Loose sheave assembly killed miner

FEDERAL investigators are urging operations to be mindful of chains, wire ropes and other types of rigging after revealing that a longwall maintenance coordinator killed earlier this month in northern West Virginia was struck by a loose sheave assembly.

Donna Schmidt

Roger King, 62, died October 4 following an incident at Consol Energy’s McElroy longwall operation in Marshall County. Officials initially did not disclose the details of the incident, only confirming that he had suffered a head injury.

In its preliminary findings, the US Mine Safety and Health Administration said the 42-year mining veteran, who worked at McElroy for 17 years, was killed while supervising the face conveyor chain installation on a longwall set-up.

“A battery-powered scoop was being used in conjunction with a sheave block and wire rope to pull the top conveyor chain through the pan line toward the tail drive,” the agency said.

“The chain became fouled and the victim positioned himself to observe the cause of the problem.

“As the scoop continued to tram, the sheave assembly and wire rope, which were under tension, came loose and propelled forward. The sheave assembly struck the victim.”

The operation was closed after the incident and recommenced operations on October 6.

In an effort to prevent similar future incidents, MSHA has asked miners to ensure chains, wire ropes, and hooks are properly attached or rigged, and people are positioned in a safe location before tension is applied when pulling or lifting rigging.

“This includes staying out of a potential line of flight of components in case of an equipment failure,” investigators noted.

Operations should also inspect devices for signs of wear such as rust, metallic loss, fraying rope, broken strands in cables and elongation of metal.

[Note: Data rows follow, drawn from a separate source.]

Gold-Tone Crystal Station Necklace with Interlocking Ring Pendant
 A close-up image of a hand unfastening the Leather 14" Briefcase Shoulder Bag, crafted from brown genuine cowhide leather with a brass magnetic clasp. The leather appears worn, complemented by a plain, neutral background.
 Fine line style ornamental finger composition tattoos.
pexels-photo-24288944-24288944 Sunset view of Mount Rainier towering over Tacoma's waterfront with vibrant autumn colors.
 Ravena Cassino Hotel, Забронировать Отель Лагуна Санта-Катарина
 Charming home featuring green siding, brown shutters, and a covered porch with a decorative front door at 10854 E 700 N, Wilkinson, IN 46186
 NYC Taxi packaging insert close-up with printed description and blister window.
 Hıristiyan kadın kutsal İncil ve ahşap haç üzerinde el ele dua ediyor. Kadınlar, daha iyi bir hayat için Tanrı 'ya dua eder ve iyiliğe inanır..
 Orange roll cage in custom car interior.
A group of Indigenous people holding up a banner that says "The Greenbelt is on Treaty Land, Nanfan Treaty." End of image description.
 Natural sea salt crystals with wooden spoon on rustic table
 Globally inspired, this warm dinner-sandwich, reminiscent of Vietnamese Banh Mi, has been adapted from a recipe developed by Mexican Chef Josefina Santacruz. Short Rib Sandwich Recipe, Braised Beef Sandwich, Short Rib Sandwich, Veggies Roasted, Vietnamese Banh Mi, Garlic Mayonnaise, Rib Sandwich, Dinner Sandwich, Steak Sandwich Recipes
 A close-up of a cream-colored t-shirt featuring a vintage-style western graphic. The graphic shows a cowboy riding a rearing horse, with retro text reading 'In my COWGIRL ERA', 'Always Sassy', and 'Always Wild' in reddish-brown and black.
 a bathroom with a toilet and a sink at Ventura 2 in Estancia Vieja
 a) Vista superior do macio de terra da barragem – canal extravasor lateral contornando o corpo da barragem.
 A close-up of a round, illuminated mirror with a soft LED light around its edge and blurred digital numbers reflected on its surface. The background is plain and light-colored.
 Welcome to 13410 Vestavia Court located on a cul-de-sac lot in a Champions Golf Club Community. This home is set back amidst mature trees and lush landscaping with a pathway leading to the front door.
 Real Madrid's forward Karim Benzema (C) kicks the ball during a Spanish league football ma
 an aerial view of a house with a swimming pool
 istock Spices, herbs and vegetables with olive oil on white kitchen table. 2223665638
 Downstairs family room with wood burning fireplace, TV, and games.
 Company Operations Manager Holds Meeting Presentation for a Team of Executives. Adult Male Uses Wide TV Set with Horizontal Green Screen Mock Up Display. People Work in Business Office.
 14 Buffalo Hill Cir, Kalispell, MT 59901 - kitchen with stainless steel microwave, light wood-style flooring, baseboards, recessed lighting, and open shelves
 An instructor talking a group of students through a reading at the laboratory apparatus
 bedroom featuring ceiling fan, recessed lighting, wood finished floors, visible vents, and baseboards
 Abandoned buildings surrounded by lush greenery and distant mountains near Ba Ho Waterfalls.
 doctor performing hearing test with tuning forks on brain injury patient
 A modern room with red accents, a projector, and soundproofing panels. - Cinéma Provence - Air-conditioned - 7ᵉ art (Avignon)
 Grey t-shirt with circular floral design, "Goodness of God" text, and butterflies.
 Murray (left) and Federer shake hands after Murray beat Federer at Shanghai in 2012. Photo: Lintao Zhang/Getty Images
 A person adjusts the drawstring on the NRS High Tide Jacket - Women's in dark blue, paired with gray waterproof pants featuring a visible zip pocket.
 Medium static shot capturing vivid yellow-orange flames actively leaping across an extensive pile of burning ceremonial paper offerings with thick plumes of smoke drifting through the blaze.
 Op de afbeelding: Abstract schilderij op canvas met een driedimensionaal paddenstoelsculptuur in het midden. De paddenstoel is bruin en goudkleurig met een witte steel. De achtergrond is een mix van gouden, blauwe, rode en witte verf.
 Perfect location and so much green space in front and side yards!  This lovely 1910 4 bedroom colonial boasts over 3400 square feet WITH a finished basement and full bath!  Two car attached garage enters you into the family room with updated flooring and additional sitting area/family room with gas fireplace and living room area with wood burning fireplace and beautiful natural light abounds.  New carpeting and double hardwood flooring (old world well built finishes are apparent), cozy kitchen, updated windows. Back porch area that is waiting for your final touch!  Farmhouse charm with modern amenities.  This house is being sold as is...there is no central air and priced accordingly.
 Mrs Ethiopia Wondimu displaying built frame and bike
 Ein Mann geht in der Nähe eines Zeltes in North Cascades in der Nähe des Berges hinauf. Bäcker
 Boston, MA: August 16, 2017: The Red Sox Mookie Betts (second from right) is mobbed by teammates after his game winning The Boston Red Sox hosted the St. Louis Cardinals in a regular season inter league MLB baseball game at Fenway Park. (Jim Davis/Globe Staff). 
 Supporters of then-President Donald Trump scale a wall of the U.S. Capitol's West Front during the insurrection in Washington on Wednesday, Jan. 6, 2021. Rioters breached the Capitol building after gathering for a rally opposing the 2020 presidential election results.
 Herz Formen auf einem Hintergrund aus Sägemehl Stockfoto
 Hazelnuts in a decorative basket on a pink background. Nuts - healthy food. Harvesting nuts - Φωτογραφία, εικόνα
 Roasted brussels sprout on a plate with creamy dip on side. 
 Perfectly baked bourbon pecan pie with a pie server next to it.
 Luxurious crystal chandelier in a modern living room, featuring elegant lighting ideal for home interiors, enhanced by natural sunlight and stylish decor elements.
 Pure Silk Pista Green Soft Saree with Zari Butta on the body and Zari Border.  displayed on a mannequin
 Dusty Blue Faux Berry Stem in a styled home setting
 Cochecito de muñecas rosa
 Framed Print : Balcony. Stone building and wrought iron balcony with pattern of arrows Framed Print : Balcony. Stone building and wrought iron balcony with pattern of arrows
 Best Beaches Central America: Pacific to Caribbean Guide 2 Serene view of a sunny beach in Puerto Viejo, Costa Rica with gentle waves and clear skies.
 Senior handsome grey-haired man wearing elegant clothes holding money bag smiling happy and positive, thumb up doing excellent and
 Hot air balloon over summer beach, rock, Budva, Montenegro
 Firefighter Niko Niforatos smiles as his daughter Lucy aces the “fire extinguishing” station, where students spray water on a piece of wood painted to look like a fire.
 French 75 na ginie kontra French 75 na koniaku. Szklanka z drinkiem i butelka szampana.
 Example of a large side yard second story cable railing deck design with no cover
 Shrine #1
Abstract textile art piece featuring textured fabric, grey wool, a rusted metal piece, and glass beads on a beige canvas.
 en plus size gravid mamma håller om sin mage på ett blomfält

Also, hooks should never be welded on equipment in order to attach ropes or chains for towing or hoisting.

King’s death was the 15th in US coal in 2013, and the fifth classified by MSHA as powered haulage.

McElroy, located near Moundsville is one of the US’ largest underground coal mines and employs about 1000 workers.

It produced 9.4 million short tons in 2012, according to federal data.

The fatality was West Virginia’s sixth this year.